No reports to Afghan National Army, Qais Map morning, Rafi database development and shura plan.
I sent one of my Sgts to a map class in the morning. He stayed for about half of it and then bounced. Sounds about like him. I tried to work in the afternoon with Rafi. My linguist totally understood what I needed him to translate, but I just couldn’t get through to Rafi. My linguist, Bashir, came out and told me that ‘we have a saying about Uzbeks: their [they're] stupid.’ While not much of a saying, it may be true about Rafi. Even he was admitting that what I was saying was going over his head. I just don’t know how to get through, I drew pictures, gave examples, repeated myself, gave him the answers and expected him to parrot them back and he still couldn’t get it.
It is kind of funny how the perspective around here has changed. Originally the ETT [Embedded Training Team] tried to act just like the RCT [Regimental Combat Team] did, Maj Valquist would order us to do the Afghan’s jobs for them. There were a couple of us, like Capt Arthur and myself who thought our success should be measured by how much we could get our Afghans to do. Now it seems like the bulk of the ETT has swung to that position while the Regiment, in its new effort at partnering, is trying to do what we did at first.

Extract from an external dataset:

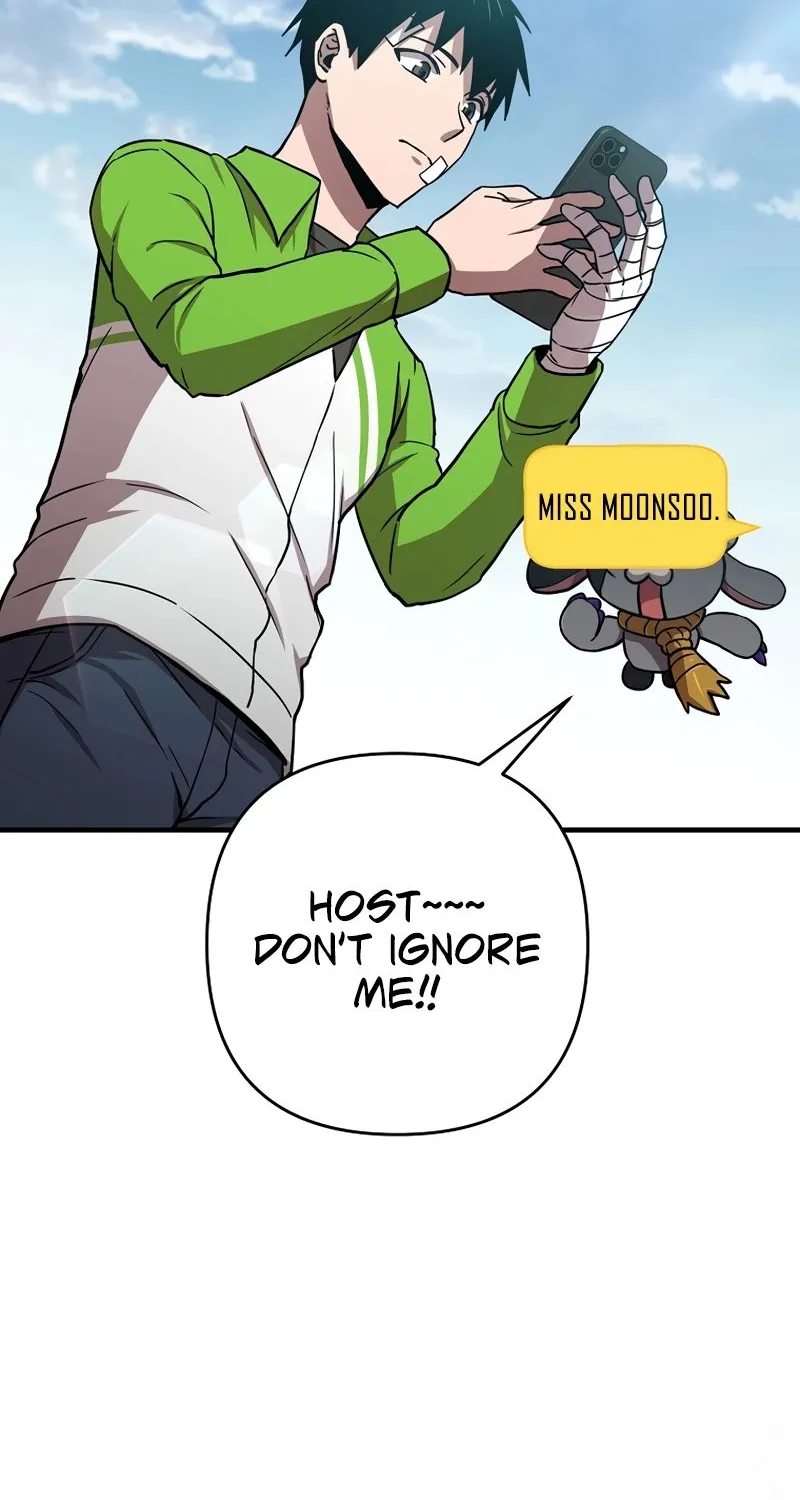 Chapter 15 — page 79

The trouble is that their tangential contact with the Afghans will not show them the game that they Afghans are playing. ‘oh we are helpless, come help us’ bullshit, you are lazy and you don’t want to do the work, so you want the Marines to do it for you. The Marines all have a low enough opinion of the Afghans that they believe the ‘I’m helpless’ bit and the Afghans get what they want.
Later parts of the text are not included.